1. There is a substantial repetition between the abstract and introduction sections that detracts from the paper's engaging introduction (Page 1, line 40 until the end of Page 1).

2. A LaTeX error is observed on Page 2, line 30.

3. Although the presented work is an extension, the contribution of the authors compared to previous research is not adequately explained. It would be beneficial to briefly mention the previous architecture or provide a quantifiable measure to demonstrate the improvement achieved by the proposed approach.

3. Please review Page 3, line 11, as Figure 2.2 seems to be referenced incorrectly. Presumably, Figure 2.b is intended.

4. On Page 3, line 14, the term "internal representations" lacks clarification. It would be helpful to provide an explanation of what these representations entail.

5. For Figure 2.b, there is a reference to a numbering system, but the graph does not display any numbers.

6. The motivation for this paper appears to be the interest of the RDBMS community in machine learning within DBMS. It would be beneficial to provide an example in the introduction, illustrating a query that is challenging to predict accurately using traditional methods, while the proposed approach may offer improved performance.

7. On Page 3, lines 19-20, the meaning of "the nodes to send the query" is unclear. Please provide further clarification.

8. The example provided on Page 3, lines 26-36, requires additional elaboration. The focus is primarily on birthplace and birth date, along with triple patterns, rdf:type, filter operators, and the optional operator.
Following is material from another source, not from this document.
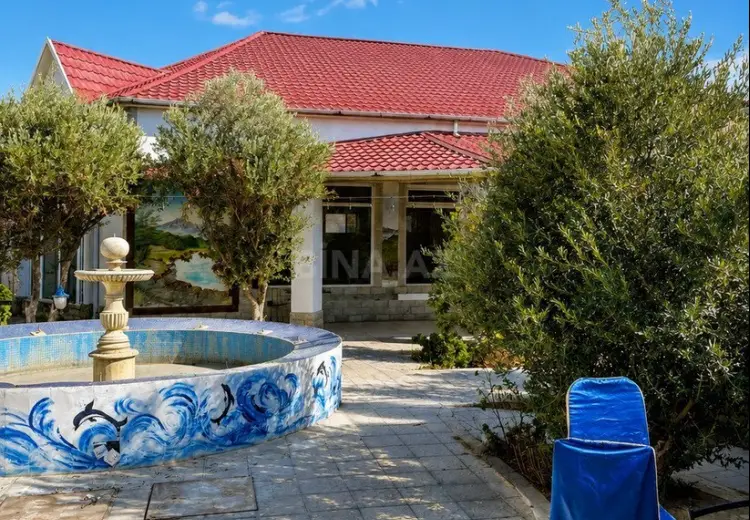 870 m² Obyekt / Ofis Satılır, Qala, Xəzər, Bakı
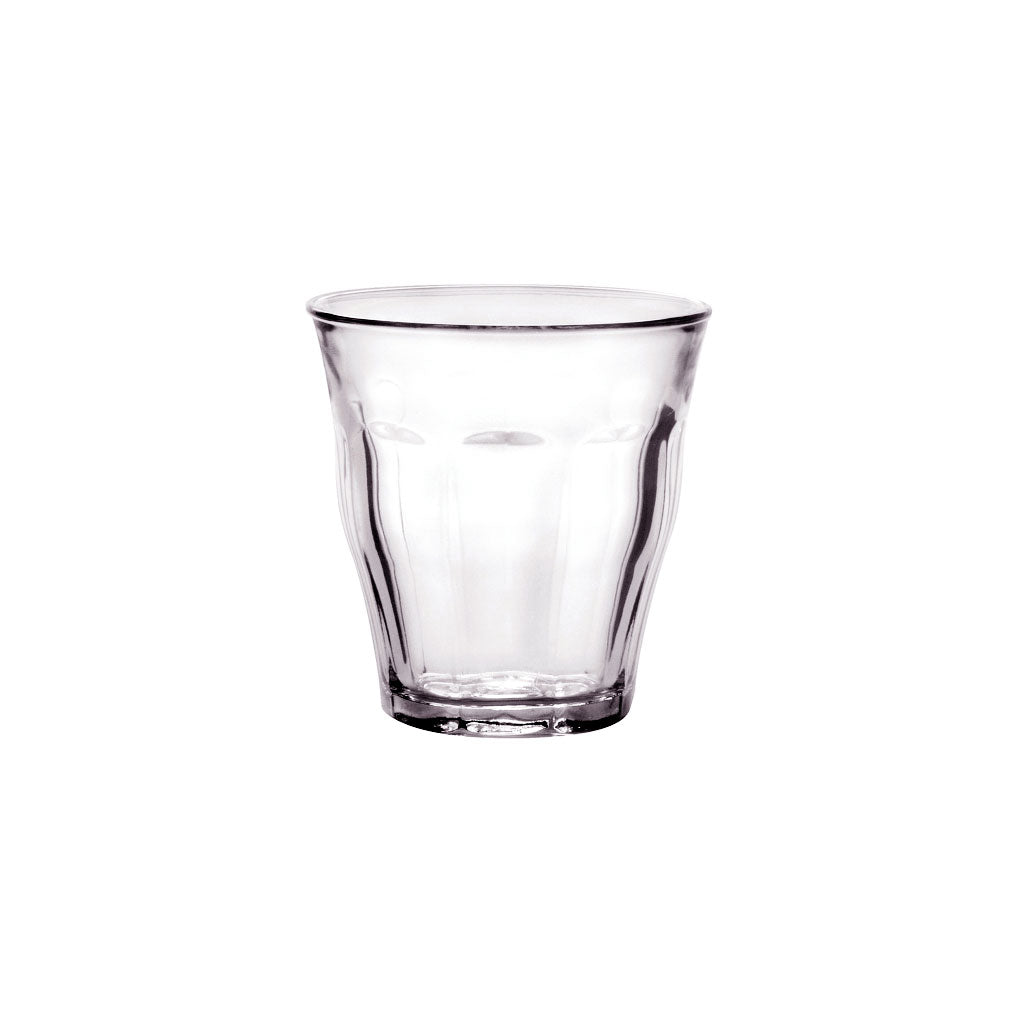 Why We Love Duralex Picardie Drinking Glasses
Please provide a more detailed explanation of this example.

9. There seems to be a discrepancy between the statement on Page 3, line 3, which mentions a focus on SELECT join, and the example, which contains the aforementioned operators. This inconsistency is confusing.

10. On Page 3, line 35, it would be helpful to provide the full sentence or context regarding the mentioned SPARQL query.
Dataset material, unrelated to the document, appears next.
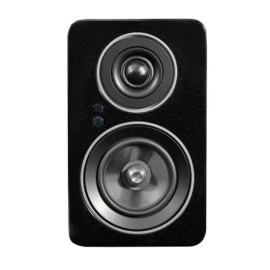 Полична акустика Jamo C705PA MKII  High Gloss Black (пара)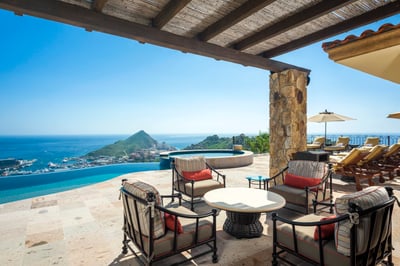 Luxury Villa Photo #20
11. Please explain the rationale behind choosing K-medoids instead of other clustering algorithms. Clarify this point on Page 7.

12. On Page 7, line 2, there is a capitalization error in the phrase "In the next Section."

13. The reference to Figure ?? on Page 7, line 21, requires correction to accurately refer to the figure in question.

14. Please explain the meaning of VaR_UrI_var or Var_UR_URI. Additionally, ensure that any abbreviations are properly introduced and defined for readers who may not be familiar with them.

15. Provide a clear definition of "bounded variable" as mentioned on Page 7, lines 45-47.

16. The sentence "The query engine by first select" on Page 7, line 43, needs revision for clarity and accuracy.

17. On Page 7, line 49, it is unclear which predicates have lower selectivity. Consider revising the statement for clarity. It may be necessary to clarify if it refers to high or low selectivity.

18. Please provide a detailed explanation of how node semantic information is computed, as mentioned on Page 7, line 30.

19. Prior to utilizing $P^(i)$ and $P^(f)$, it would be helpful to define these variables in the preliminary section, as mentioned on Page 8, line 2.

20. The meaning of numbers from c1 to c4 in Figure 3 requires explanation.

21. Figure 4 appears to be similar to Figure 5 in Markus's paper, with slight differences in colors and additional detailed shapes. Provide a clearer figure that emphasizes the distinctions from the original paper (Neo:Neo: A Learned Query Optimizer).

22. While it is apparent that the authors aim to introduce learned query optimizers to the graph database realm, the paper lacks significant contributions. Can you add a discussion section that explains and address the challenges faced in applying learned optimizers to SPARQL compared to structured databases?

23. Section 4.2.1 resembles the corresponding section in the original paper (Neo) and it was not easy for me to comprehend and I went to Neo paper to understand the proposed architecture. This section needs to be more concise and clear.

24. In Section 4.2.3, the authors mention the use of autoencoders for dimensionality reduction, which represents a novel aspect compared to the Neo paper. However, the authors do not explain their design choices in this regard. Additionally, it would be beneficial to cite papers that have employed autoencoders for dimensionality reduction.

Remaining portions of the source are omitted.